- **YOUR OBJECTIVE**: The lines below, from the one holding "Astaxanthin Supplements 12mg" through the final line, are to be copied exactly, with no other lines and no pictures.

───── THE DATA ─────

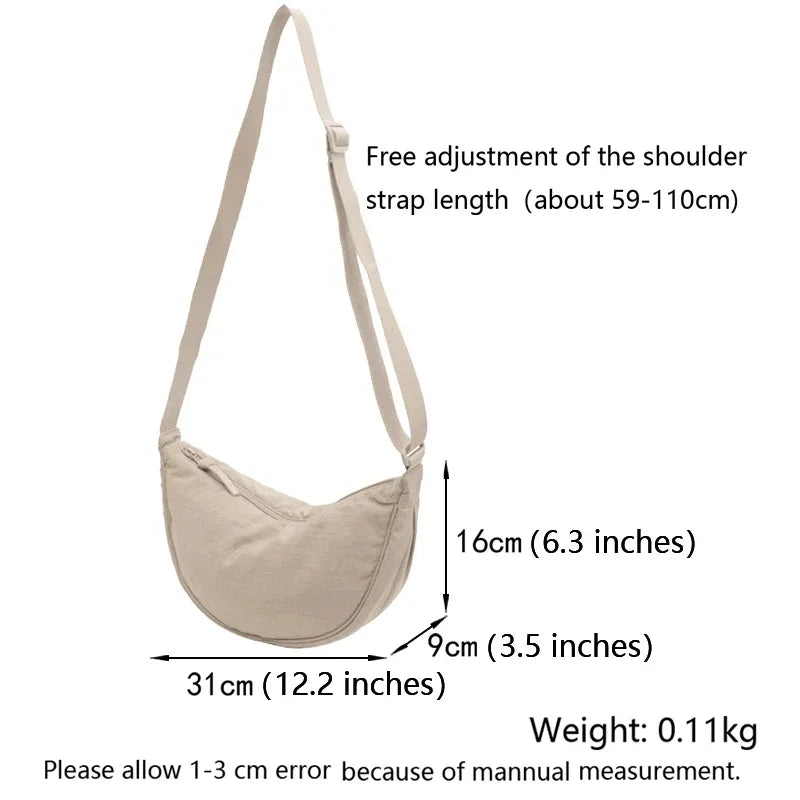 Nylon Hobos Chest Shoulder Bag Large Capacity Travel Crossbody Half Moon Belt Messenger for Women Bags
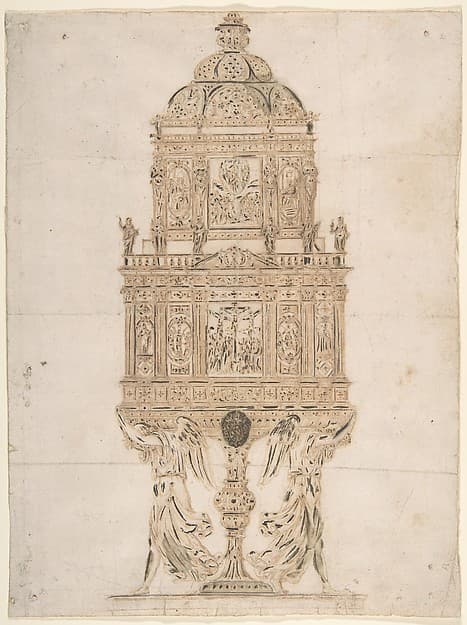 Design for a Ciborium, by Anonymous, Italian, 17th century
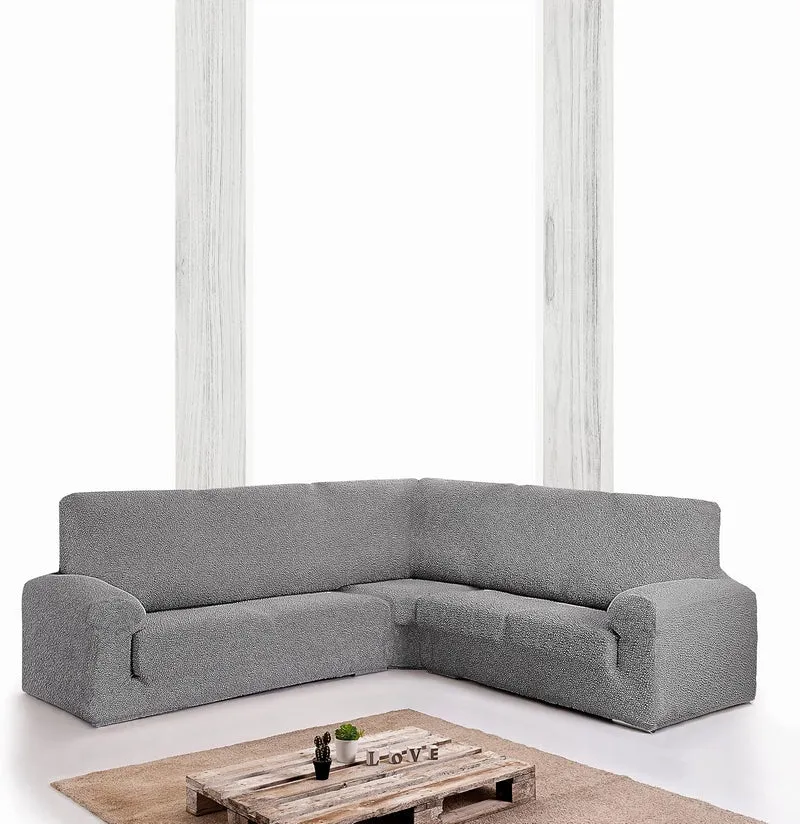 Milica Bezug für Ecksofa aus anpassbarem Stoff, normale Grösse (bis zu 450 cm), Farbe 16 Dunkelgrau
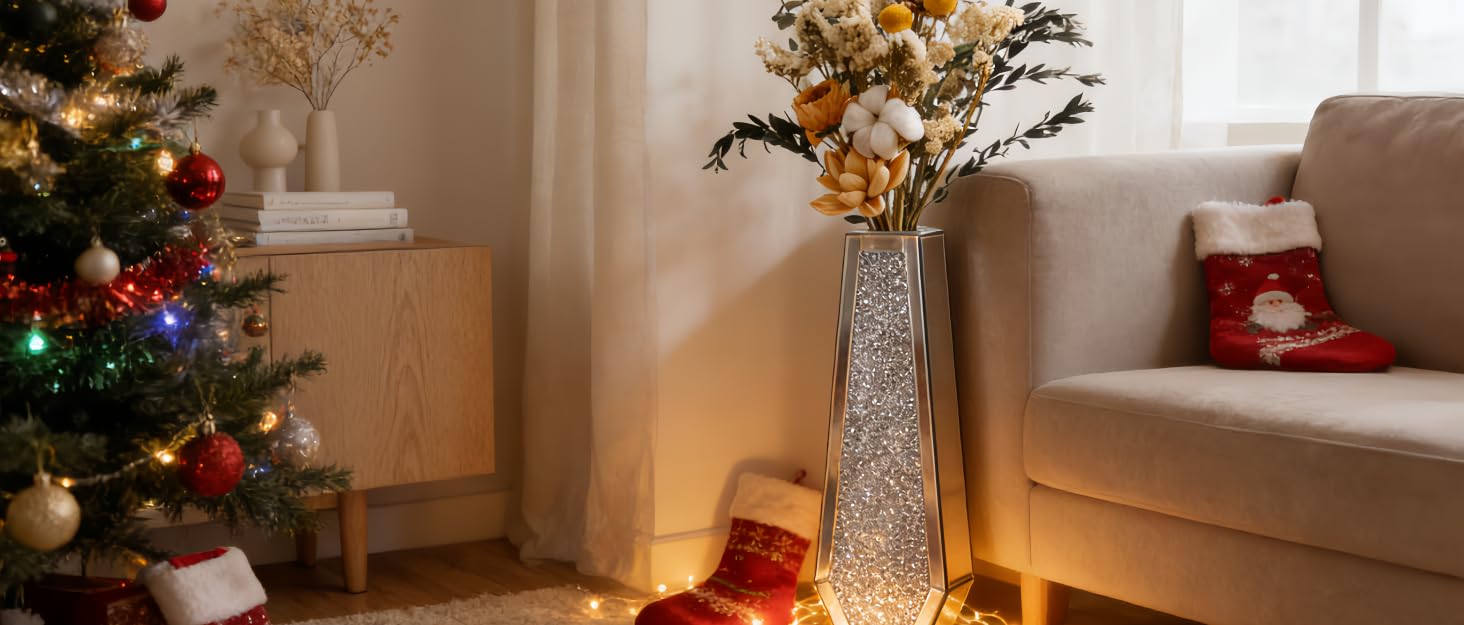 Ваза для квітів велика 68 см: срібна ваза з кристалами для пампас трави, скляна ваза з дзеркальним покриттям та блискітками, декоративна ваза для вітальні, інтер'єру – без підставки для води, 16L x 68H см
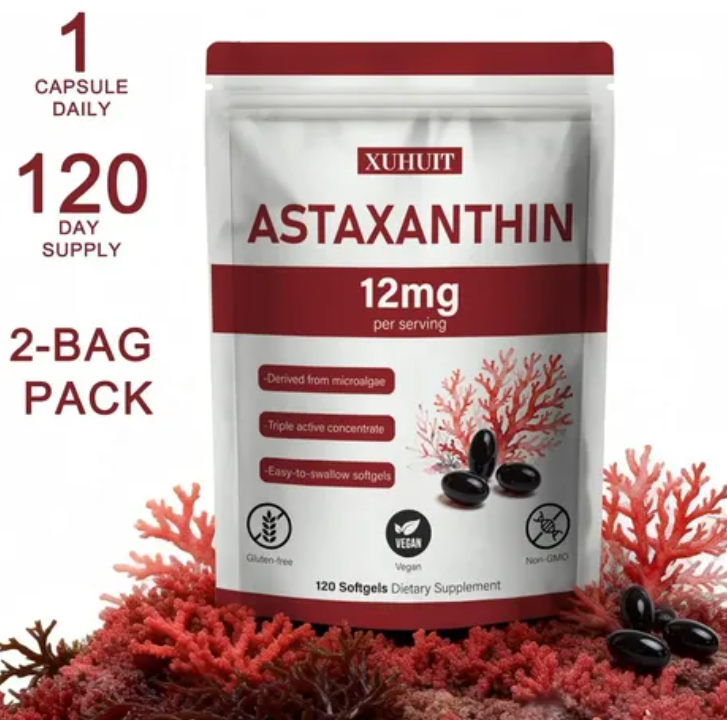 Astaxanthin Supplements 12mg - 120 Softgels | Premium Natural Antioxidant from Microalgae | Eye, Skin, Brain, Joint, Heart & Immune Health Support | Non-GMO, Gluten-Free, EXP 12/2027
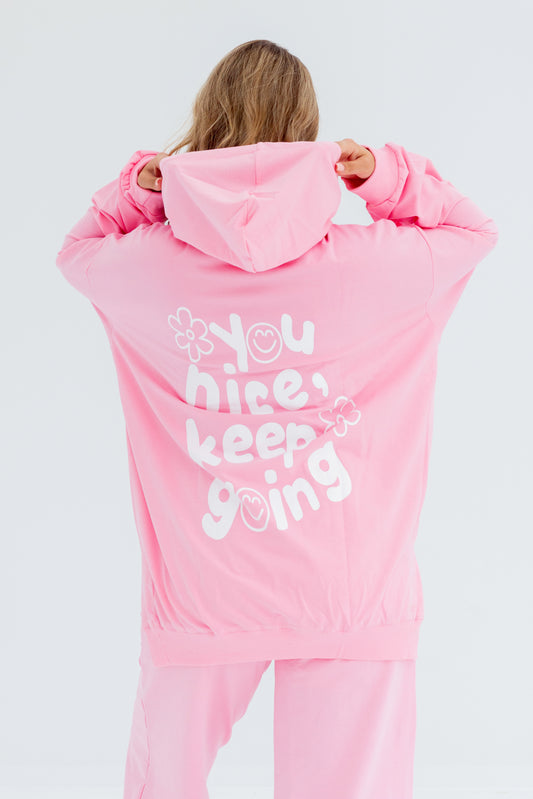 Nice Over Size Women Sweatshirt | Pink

─────

- **EXERCISE OUTPUT**:
 Astaxanthin Supplements 12mg - 120 Softgels | Premium Natural Antioxidant from Microalgae | Eye, Skin, Brain, Joint, Heart & Immune Health Support | Non-GMO, Gluten-Free, EXP 12/2027
 Nice Over Size Women Sweatshirt | Pink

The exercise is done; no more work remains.